__THE TASK__
When copying the data below, keep only the lines from the one with "ELONGATED WOVEN SHOPPER" through the one with "Rag & Bone The", word for word, and skip the pictures.

__EXTRACTED ENTRIES__
********************

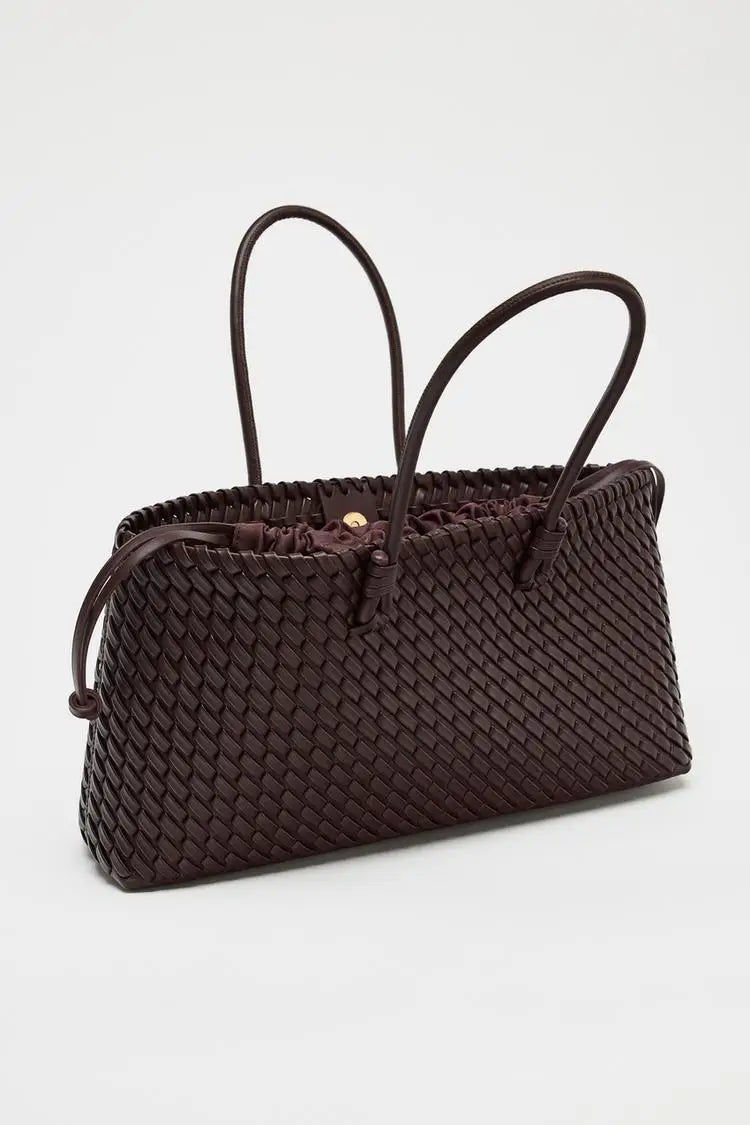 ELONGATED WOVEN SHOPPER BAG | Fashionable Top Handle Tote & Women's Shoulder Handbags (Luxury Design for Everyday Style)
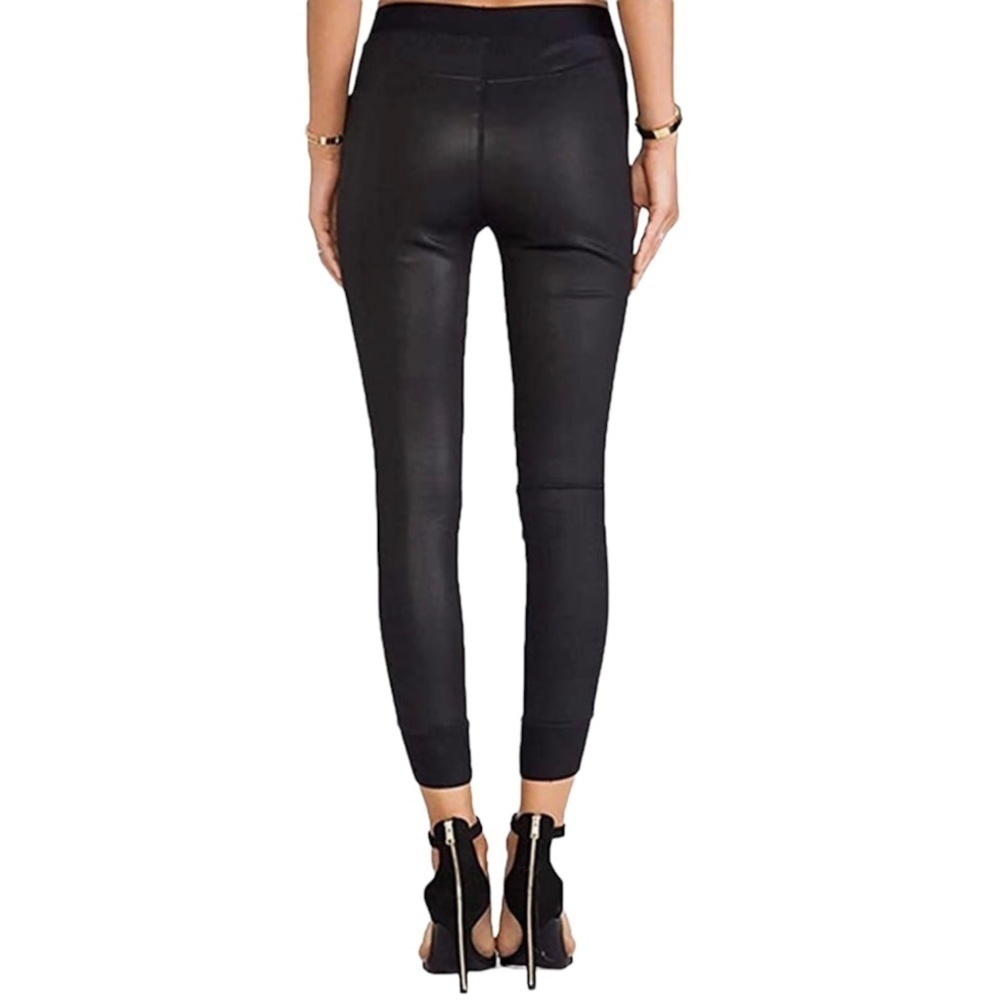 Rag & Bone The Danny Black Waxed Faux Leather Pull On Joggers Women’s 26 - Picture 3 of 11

********************

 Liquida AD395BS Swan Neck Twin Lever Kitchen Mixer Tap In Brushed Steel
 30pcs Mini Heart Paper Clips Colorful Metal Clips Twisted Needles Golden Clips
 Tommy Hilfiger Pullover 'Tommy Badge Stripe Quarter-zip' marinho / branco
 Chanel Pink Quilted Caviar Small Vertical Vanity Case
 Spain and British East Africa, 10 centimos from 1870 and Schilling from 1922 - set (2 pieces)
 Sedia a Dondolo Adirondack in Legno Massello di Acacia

********************

__RESPONSE BELOW__
 ELONGATED WOVEN SHOPPER BAG | Fashionable Top Handle Tote & Women's Shoulder Handbags (Luxury Design for Everyday Style)
 Rag & Bone The Danny Black Waxed Faux Leather Pull On Joggers Women’s 26 - Picture 3 of 11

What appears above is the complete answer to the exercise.